Unemployment in the Eurozone was at 12.1 per cent in May, slightly up from 12.0 per cent in April – but lower than expectations of 12.3 per cent. Youth unemployment (under 25s) was slightly down from 23.9 per cent to 23.8 per cent. In the EU27, meanwhile, the unemployment rate was 10.9 per cent and youth unemployment 23.0 per cent.
In both zones, rates are up markedly year-on-year, from 11.3 per cent in the Eurozone and 10.4 per cent in the EU27. Eurostat estimates that a respective 19.222m and 26.404m were unemployed in the areas.
Among member states, the lowest unemployment rates were in Austria (4.7 per cent), Germany (5.3 per cent) and Luxembourg (5.7 per cent), while the highest were in Spain (26.9 per cent) and Greece (26.8 per cent in March).
Commenting on the unemployment and inflation data, chief European economist at Capital Economics Jonathan Loynes said:
The latest euro-zone inflation and labour market figures inject a slight note of caution after the recent improvement in some of the region’s activity indicators. Admittedly, June’s rise in inflation from 1.4 per cent to 1.6 per cent was driven entirely by energy base effects. Core inflation – which is now included in the flash release – remained very subdued at just 1.2 per cent and core goods inflation slipped to just 0.7 per cent. Headline inflation should therefore fall further over the coming months, but this is a reflection of economic weakness and won’t necessarily prompt cautious consumers to up their spending.

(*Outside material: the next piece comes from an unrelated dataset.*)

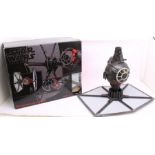 Star Wars: A boxed Star Wars: The Black Series, First Order Special Forces TIE Fighter. Two pieces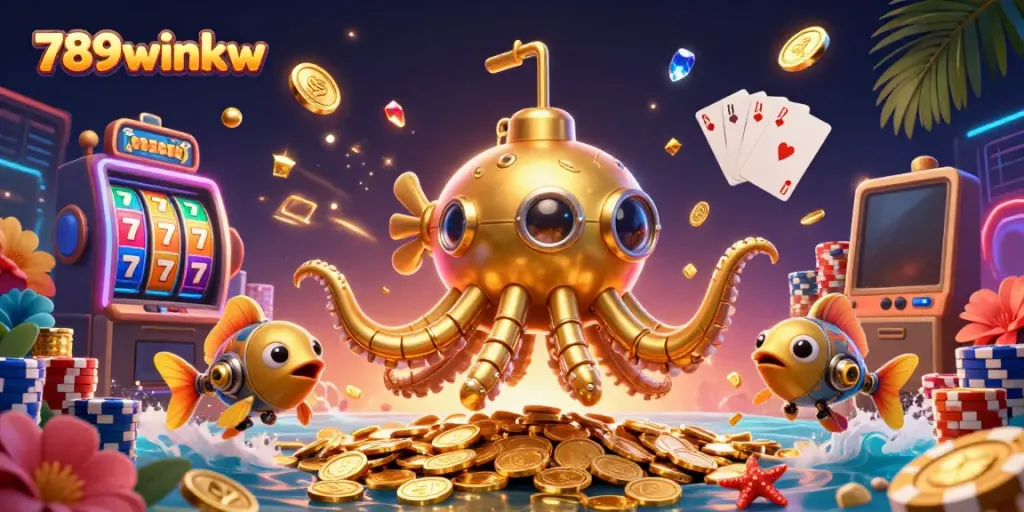 Experience thrilling gameplay with 789winkw's vibrant casino adventures and winning opportunities.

Meanwhile, May’s euro-zone unemployment rate of 12.1 per cent was lower than expected, thanks to some downward revisions to previous months’ rates. But unemployment still rose by a monthly 67,000 and the big story remains the huge divergence between unemployment rates across countries, which undermines suggestions that imbalances within the currency union are narrowing. Overall, then, there is nothing here to suggest that the euro-zone economy does not need additional policy support, though the ECB looks unlikely to oblige this week.